For this exercise, report every line of the material that includes "Patchwork".

──────

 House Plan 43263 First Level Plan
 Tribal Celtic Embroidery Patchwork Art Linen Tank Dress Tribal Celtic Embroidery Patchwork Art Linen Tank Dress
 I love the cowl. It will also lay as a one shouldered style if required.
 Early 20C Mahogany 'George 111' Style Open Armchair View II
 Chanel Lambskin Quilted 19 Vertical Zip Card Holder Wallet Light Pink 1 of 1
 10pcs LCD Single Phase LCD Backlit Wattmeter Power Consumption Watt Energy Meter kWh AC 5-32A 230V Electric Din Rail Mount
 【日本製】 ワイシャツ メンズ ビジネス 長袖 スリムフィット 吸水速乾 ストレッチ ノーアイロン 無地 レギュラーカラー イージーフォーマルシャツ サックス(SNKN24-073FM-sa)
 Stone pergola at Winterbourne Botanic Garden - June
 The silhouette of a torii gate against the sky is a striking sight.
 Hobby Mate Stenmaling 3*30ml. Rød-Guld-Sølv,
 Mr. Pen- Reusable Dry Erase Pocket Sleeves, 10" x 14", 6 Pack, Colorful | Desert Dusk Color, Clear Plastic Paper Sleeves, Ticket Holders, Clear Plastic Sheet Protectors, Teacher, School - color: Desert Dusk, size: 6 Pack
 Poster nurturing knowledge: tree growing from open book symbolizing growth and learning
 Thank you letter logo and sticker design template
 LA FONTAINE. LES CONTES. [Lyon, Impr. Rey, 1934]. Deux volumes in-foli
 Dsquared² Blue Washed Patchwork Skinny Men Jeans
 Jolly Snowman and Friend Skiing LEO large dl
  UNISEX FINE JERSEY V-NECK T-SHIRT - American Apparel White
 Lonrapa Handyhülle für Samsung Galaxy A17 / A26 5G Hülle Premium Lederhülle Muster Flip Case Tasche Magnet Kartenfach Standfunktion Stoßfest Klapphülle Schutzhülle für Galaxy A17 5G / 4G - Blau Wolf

──────

### YOUR SOLUTION
 Tribal Celtic Embroidery Patchwork Art Linen Tank Dress Tribal Celtic Embroidery Patchwork Art Linen Tank Dress
 Dsquared² Blue Washed Patchwork Skinny Men Jeans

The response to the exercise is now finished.